Re: Return values from MARC::Record

2003-11-07 Thread Paul Hoffman
On Friday, November 7, 2003, at 02:07  AM, Leif Andersson wrote:

At the top of MARC::Record we add:
use Want;
This would introduce a dependency on Perl 5.6, which Want requires.  
MARC::Record currently only requires 5.5, as far as I can tell.

Paul.

--
Paul Hoffman :: Taubman Medical Library :: Univ. of Michigan
[EMAIL PROTECTED] :: [EMAIL PROTECTED] :: http://www.nkuitse.com/


Re: Return values from MARC::Record

2003-11-07 Thread Paul Hoffman
On Friday, November 7, 2003, at 11:29  AM, Leif Andersson wrote:

You mean 5.005?
Maybe that's what is required.
Oops, yes, thanks for the correction.

Paul.

--
Paul Hoffman :: Taubman Medical Library :: Univ. of Michigan
[EMAIL PROTECTED] :: [EMAIL PROTECTED] :: http://www.nkuitse.com/


Re: Early Confusion with MARC::Record

2003-11-14 Thread Paul Hoffman
On Thursday, November 13, 2003, at 10:38  PM, Morbus Iff wrote:

Next up, I've been using the camel.usmarc file as the "file.dat"
equivalent in all the examples.
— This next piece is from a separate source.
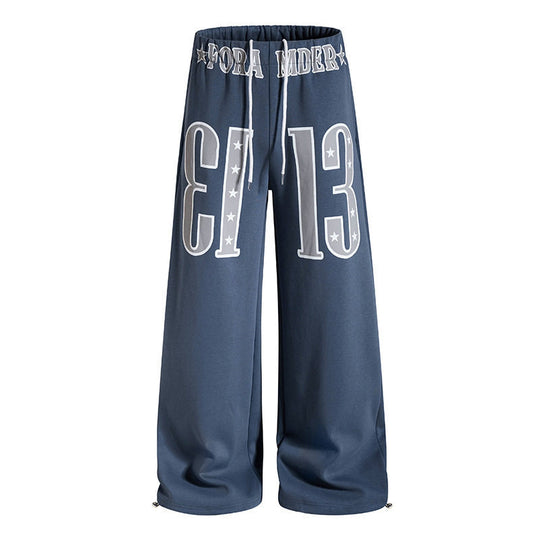Damen Weite Palazzo-Jogginghose mit hohem Komfortbund, Tunnelzug und großer Grafikfront Shop Nory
When I ran the first example, I got:
  ActivePerl with ASP and ADO / Tobias Martinsson.
  ...
  Cross-platform Perl / Eric F. Johnson.
which confused me. Is the "title" of a book always considered the 
title AND
author?
Warning: IANAC[ataloger], but...

The 245 field ("Title statement") *must* have an $a subfield ("title" 
or "title proper" without subtitles, according to my copy of OCLC's 
Bibliographic Formats and Standards, 1993, which is normative only for 
WorldCat I believe).  All other subfields, including $c ("remainder of 
title page transcription/statement of responsibility") are technically 
optional but should be used whenever applicable.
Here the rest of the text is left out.